Everyone involved in the discussion acknowledge that the buy-side will receive a significant amount of added execution data than they currently receive, but no one knows how much more it will be.

Jeff Alexander, director of equities at Barclays, estimates that the ratio between routed orders and their fills could range from 0.5:1 to 1.5:1, "which is a very rough estimate".

FTI's Lewis, on the other hand, estimates a ratio somewhere between 5:1 and 10:1, based on his experience. 

Other new data elements up for inclusion in FIX protocol include algorithm names, level of aggressiveness and original routing destinations, but Alexander insists the FIX message will also need to include a snapshot of when the trader or smart order router decided where to route the order.

Few institutional investors have the resources to marry their broker execution reports with their own market data feed, he explains. "It's tremendously expensive."

Even if institutional investors relied their broker for market data, processing the data is not without costs.

"If the brokers sent all the sub-second ping messages into our systems using the FIX protocol, I'm not sure if we could handle it," says Lewis. "It would be great to receive that data and analyse it, but we would probably have to receive it in some sort of batch file."

This has not stopped FTI's plan to buy a complex event processing (CEP) platform to mine its sub-order routing data in real time.

Smaller buy-side institutions with limited IT budgets likely will receive the same data in an end-of-day batch file.

All of this might be moot if the broker community decides not to provide data.

Many brokers have trepidations, says FPL's Lees. "They are concerned that third parties could deconstruct their trading algorithms by looking at where they routed trades but didn't get a fill."

For global brokers like Barclays providing such data is not a problem as long as it can be done in a standard format, according to Barclays' Giordano.

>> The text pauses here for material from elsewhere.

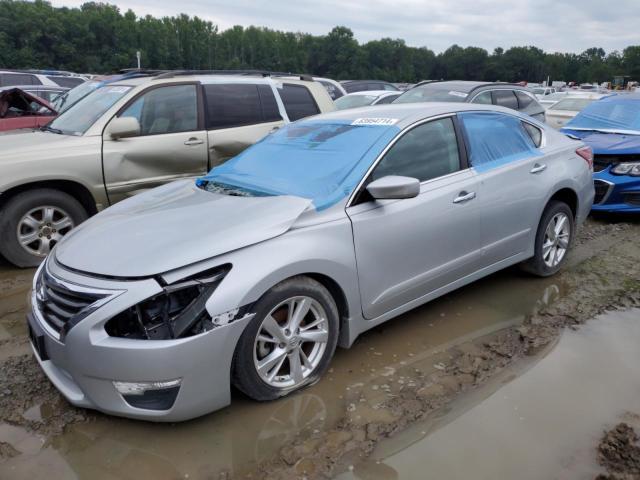 nissan altima 2.5 2013 1n4al3ap3dn480221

Her firm has been providing sub-routing data to certain clients in what she says is an interim fashion.

Support network

If the project goes ahead, FPL can provide support by adding message types to the existing protocol and releasing them via a future extension pack or repurpose existing message types to support new data.

'Hacking' the protocol could lead to faster deliverables and quicker adoption, but only firms with flexible order and execution management systems would be able to take advantage of it, according to Barclays' Alexander. Firms that use third-party platforms would need to wait until their vendors rolled out support.

Giordano describes the current conversation between external parties and the FPL working groups on these points as "fluid".

The next step for the FPL working group is to preform a case study in which Barclays provides each working group member with the sub-order data related to various representative trades made by their firms and discuss them at the next working group meeting slated for later this month, according to Lees.